** The problem **
Using the data that follows, output only the lines from the line with "Artgeist Kép - Zöld" up to and including the line with "post-27321-0-31500100-1435606645_thumb.jpg", exactly, leaving pictures aside.

*** Provided data ***

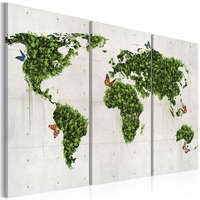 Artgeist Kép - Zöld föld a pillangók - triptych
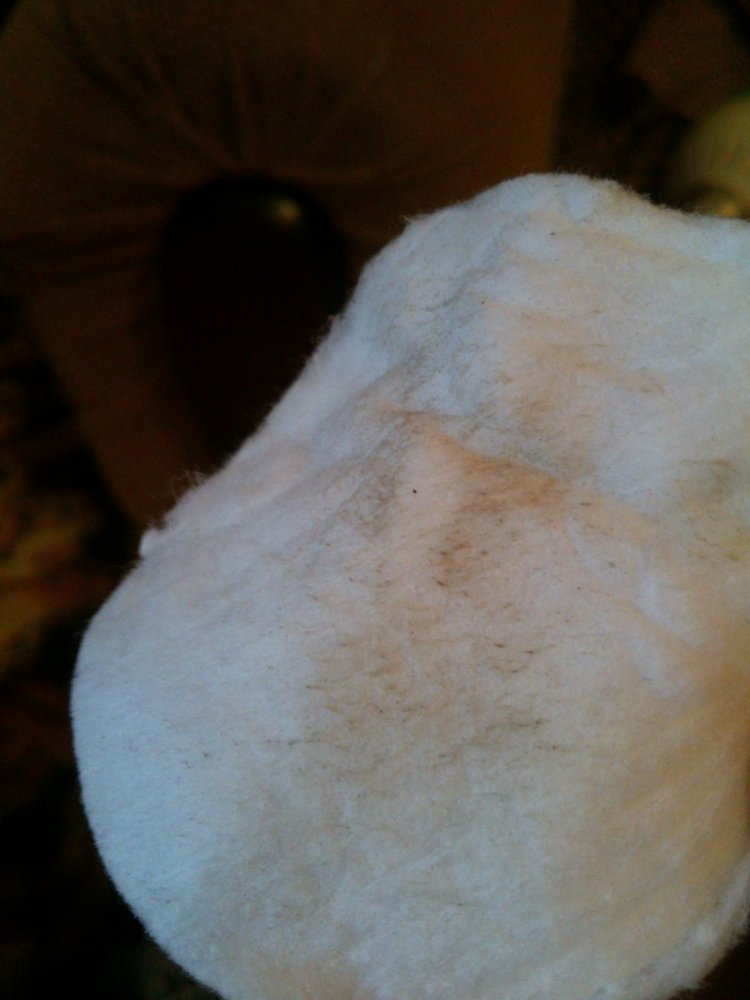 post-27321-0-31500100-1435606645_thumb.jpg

*** End of Provided data ***
*** Provided data ***

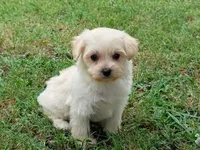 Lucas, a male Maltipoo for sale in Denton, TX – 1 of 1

*** End of Provided data ***

** Output of the exercise **
 Artgeist Kép - Zöld föld a pillangók - triptych
 post-27321-0-31500100-1435606645_thumb.jpg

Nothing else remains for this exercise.